Kimmel didn't really provide the amused outsider's view that we would have expected from him, but as promised, he did pull a prank by enlisting the help of the viewers and the always-funny Tracy Morgan. How many Emmycasts have you seen where a guy lies on a stage for 15 minutes, pretending he passed out? And kudos to Kimmel for "throwing out" his parents after he lost the variety series Emmy, accusing them of lying to him about being able to achieve it all. While they seemed genuinely surprised, their laughter told us that they get this kind of stuff from their funny son a lot.
Where Kimmel mostly stood out was during the pre-taped bits, especially the mercifully brief opening video where he sobbed over a Botox treatment gone wrong, and the Emmycast's women helped him out by beating his face until it was right again (though boo on Claire Danes for not participating and kicking butt Carrie Mathison-style). His "In Memoriam" for himself was also funny, though in retrospect the time could have been better used giving some of the major winners a little more time to speak, as it seemed like one after another was played off the stage by the director, Glenn Weiss (who also won and was self-aware enough to play himself off at the end of his speech).
Other bits that stood out were the cast of "Modern Family" being scared of their youngest castmate, Aubrey Anderson-Emmons, "Breaking Bad" being reimagined as an "Andy Griffith"-style family sitcom and the improvised takes of award winners Jon Stewart and Julia Louis-Dreyfus.
Not only did Stewart gamely let himself get tackled by fellow nominees Fallon and Stephen Colbert as the approached the stage to get yet another award for "The Daily Show," he also gave the guy on the delay button cold sweats when he mentioned "How repetitive these f***ing things are."
JLD and Amy Poehler improvised a fun bit where the "Veep" star started reading Poehler's speech, causing the "Parks and Rec" star to dash to the stage and hand over a wadded-up copy of JLD's speech. The academy should nominate Poehler every year if she continues to come up with boredom-busting bits like these.
But the broadcast overall dragged, with the producers deciding to put the deadly dull miniseries/movies category near the end and extend it over what seemed like an endless number of commercial breaks. In addition, while Ron Howard's tribute to Andy Griffith was well-done, we were left to wonder where the tribute to Dick Clark was, especially because a) the man helped put ABC on the map and b) he produced or hosted a vast number of big shows over the years. Yes, it was a year chock full of big-name TV passings, but Clark should have gotten more than just the final slot in the "In Memoriam" montage.
As for the awards themselves... well, what can we say besides: " Jon Cryer? What the what?" He was among the people we thought had no shot at winning an Emmy, especially given the others that were in the category. It almost makes us feel like the academy doesn't watch comedy and just gives the award to the most familiar name. But even that doesn't make any sense, since Cryer also beat out repeat winners Jim Parsons and Alec Baldwin. Let's just say we haven't been able to wrap our minds around that one yet.

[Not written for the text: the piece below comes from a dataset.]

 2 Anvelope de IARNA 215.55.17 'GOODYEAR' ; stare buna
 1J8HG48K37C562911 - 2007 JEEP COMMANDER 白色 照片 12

We were happy to see "Homeland" break " Mad Men's" Emmy streak, as much as we like the AMC stalwart, and it was refreshing to see Damian Lewis get his due, even if it's at the expense of " Breaking Bad's" Bryan Cranston. Still, we do wish "Bad" would win the big prize at least once, though it wouldn't be the first all-time best show to never get a series win. Louis C.K.'s humility after getting his two awards was refreshing, even if that's what we expect from him.
Otherwise, the night felt like a case of "if you've won an Emmy already, you're pretty much a lock to win one tonight." At what point does "Modern Family" fall off the academy's radar? The wins for it and Eric Stonestreet and Julie Bowen weren't a surprise, but considering the show had a less-than-stellar third season and the competition was better this year, you would have hoped that the academy would have at least acknowledged there were other comedies out there. But that might not happen for at least another year. Sigh. At least we get to hear Steven Levitan make funny speeches ... if he doesn't get played off.